Now an MIT-led team has found strong evidence for the signal’s source. In addition to a bright optical flash, the scientists detected a strobe-like pulse of high-energy X-rays. They traced hundreds of millions of such X-ray pulses back to the Cow, and found the pulses occurred like clockwork, every 4.4 milliseconds, over a span of 60 days.
Based on the frequency of the pulses, the team calculated that the X-rays must have come from an object measuring no more than 1,000 kilometers (620 miles) wide, with a mass smaller than 800 suns. By astrophysical standards, such an object would be considered compact, much like a small black hole or a neutron star.

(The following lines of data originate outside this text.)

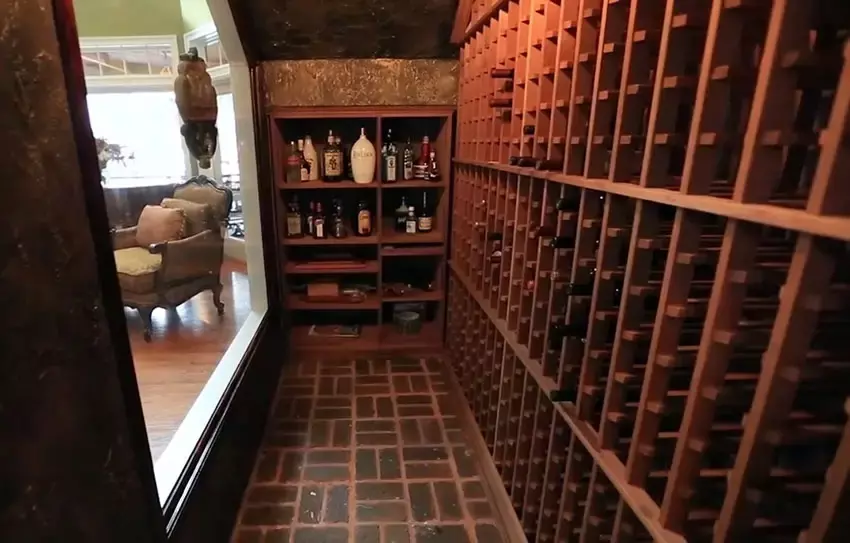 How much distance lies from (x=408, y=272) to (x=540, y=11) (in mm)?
2075

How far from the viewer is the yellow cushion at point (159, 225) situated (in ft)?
11.0

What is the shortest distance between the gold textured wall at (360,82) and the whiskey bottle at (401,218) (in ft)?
1.94

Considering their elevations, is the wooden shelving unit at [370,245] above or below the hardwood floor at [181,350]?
above

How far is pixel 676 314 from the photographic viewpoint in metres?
0.89

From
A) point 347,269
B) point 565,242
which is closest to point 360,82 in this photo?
point 347,269

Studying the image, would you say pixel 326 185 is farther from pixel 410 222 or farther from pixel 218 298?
pixel 218 298

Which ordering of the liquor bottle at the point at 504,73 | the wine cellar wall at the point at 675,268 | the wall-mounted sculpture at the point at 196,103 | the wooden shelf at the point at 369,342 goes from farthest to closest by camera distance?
the wooden shelf at the point at 369,342 → the wall-mounted sculpture at the point at 196,103 → the liquor bottle at the point at 504,73 → the wine cellar wall at the point at 675,268

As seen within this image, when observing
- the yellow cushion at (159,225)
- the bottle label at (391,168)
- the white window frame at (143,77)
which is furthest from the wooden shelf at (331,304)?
the white window frame at (143,77)

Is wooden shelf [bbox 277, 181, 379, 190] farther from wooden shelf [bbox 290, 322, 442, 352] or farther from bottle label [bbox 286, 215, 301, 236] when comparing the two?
wooden shelf [bbox 290, 322, 442, 352]

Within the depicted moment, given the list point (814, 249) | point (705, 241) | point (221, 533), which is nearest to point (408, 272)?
point (221, 533)

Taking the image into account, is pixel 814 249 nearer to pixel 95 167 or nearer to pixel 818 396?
pixel 818 396

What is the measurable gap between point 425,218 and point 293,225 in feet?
2.45

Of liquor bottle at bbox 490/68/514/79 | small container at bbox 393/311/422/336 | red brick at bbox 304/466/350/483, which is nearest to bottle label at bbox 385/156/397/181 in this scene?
small container at bbox 393/311/422/336

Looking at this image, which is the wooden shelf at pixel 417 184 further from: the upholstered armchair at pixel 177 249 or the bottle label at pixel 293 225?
the upholstered armchair at pixel 177 249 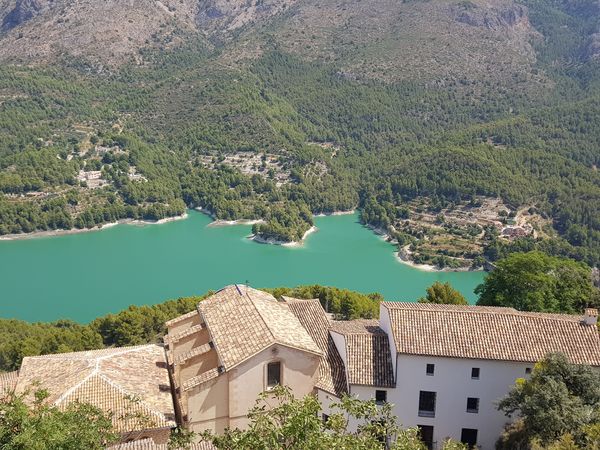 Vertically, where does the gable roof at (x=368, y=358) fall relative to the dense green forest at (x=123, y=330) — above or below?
above

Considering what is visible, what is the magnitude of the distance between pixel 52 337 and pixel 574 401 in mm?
24074

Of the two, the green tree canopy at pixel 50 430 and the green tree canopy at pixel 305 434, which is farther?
the green tree canopy at pixel 50 430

Their findings, published on December 13, 2021, in the journal Nature Astronomy, strongly suggest that AT2018cow was likely a product of a dying star that, in collapsing, gave birth to a compact object in the form of a black hole or neutron star. The newborn object continued to devour surrounding material, eating the star from the inside — a process that released an enormous burst of energy.
“We have likely discovered the birth of a compact object in a supernova,” says lead author Dheeraj “DJ” Pasham, a research scientist in MIT’s Kavli Institute for Astrophysics and Space Research. “This happens in normal supernovae, but we haven’t seen it before because it’s such a messy process. We think this new evidence opens possibilities for finding baby black holes or baby neutron stars.”
“The Core of the Cow”
AT2018cow is one of many “astronomical transients” discovered in 2018. The “cow” in its name is a random coincidence of the astronomical naming process (for instance, “aaa” refers to the very first astronomical transient discovered in 2018). The signal is among a few dozen known FBOTs, and it is one of only a few such signals that have been observed in real-time. Its powerful flash — up to 100 times brighter than a typical supernova — was detected by a survey in Hawaii, which immediately sent out alerts to observatories around the world.
“It was exciting because loads of data started piling up,” Pasham says. “The amount of energy was orders of magnitude more than the typical core collapse supernova. And the question was, what could produce this additional source of energy?”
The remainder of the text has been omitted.